Transcription
Just my particular style of neurosis, preferred neurosis, but I really fret a lot about -- I want you all to have exactly what you need, exactly when you need it. [laughs] Each of you, rather. And of course that's completely impossible, so we'll just do the best we can. Today I'd like to divide things into two. First part is two pieces of instructions, and the second part, a talk about view, and effort, and attitude, and achievement. Two parts of instructions to start.

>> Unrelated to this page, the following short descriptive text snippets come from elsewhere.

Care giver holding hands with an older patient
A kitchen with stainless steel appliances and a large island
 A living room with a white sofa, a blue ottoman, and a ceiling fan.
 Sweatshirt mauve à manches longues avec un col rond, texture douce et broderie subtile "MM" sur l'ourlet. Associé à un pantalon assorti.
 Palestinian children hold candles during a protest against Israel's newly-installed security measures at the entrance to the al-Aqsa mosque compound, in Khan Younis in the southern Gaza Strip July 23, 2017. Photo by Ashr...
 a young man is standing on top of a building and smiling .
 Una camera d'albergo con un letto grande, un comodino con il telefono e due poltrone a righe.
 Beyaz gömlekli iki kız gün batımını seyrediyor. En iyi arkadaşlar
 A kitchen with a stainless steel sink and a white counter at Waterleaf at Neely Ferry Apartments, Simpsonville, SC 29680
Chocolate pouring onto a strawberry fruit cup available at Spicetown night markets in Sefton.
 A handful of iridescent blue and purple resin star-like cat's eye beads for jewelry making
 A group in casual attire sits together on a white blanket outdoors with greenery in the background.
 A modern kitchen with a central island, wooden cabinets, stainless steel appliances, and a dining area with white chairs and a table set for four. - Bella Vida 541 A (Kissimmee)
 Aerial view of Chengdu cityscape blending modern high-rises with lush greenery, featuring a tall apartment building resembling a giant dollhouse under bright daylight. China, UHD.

One is to give a little, slightly fuller (very brief still) instructions about if you're using mettā practice for the purpose of your base practice, for the purpose of moving deeper into samādhi and jhāna. Or karuṇā (compassion practice), or muditā, or something like that. The first thing actually to say here is that when you're doing mettā practice for the intention of jhāna, that's a different intention than doing mettā practice for the intention of cultivating mettā. It sounds obvious and not so consequential, but it's actually quite a big deal. So of course, when you use mettā as your base practice, as your springboard practice towards jhāna, and that's the intention, you're going to be cultivating mettā. Of course you are. How can you not be? Even if you're not -- if you're doing breath or some other practice towards jhāna -- jhānas actually have mettā in them. They are naturally filled, imbued, pervaded by mettā. I won't say any more about that. But if mettā is your practice, for example, is your base practice, then at some point -- there are two things -- at some point, it will probably fork. Is it the love that I'm primarily cultivating now, or is it the sense of well-being and pīti and happiness? Now, there are grey areas in the middle, and you can mix those two, but actually there's kind of a fork. And right from the beginning, or at some point fairly early on, you probably want to see, "What actually is my intention here?" Makes sense? The difference?
Yogi: [inaudible]
Rob: Well, if you're on this retreat, like I said on the opening evening, your intention is jhāna practice. That's your primary intention, which means that even just bearing that in the back of your mind is having all kinds of effects and kind of navigating your practice, without you even being conscious of it. It's a powerful thing. Intentions are extremely powerful things. Intentions create our worlds. And that's not hyperbole. So you want to be conscious about it. You want to be firm and clear what you're doing. And at a certain point, there might come -- for example, let's say you're practising mettā, there's love, there's this feeling, there are all kinds of shades of different feelings (which I'll talk about in a second). But really what you're looking for mostly is the pīti, is the well-being. I'll expand on that right now. That's mostly what I mean, partly what I mean.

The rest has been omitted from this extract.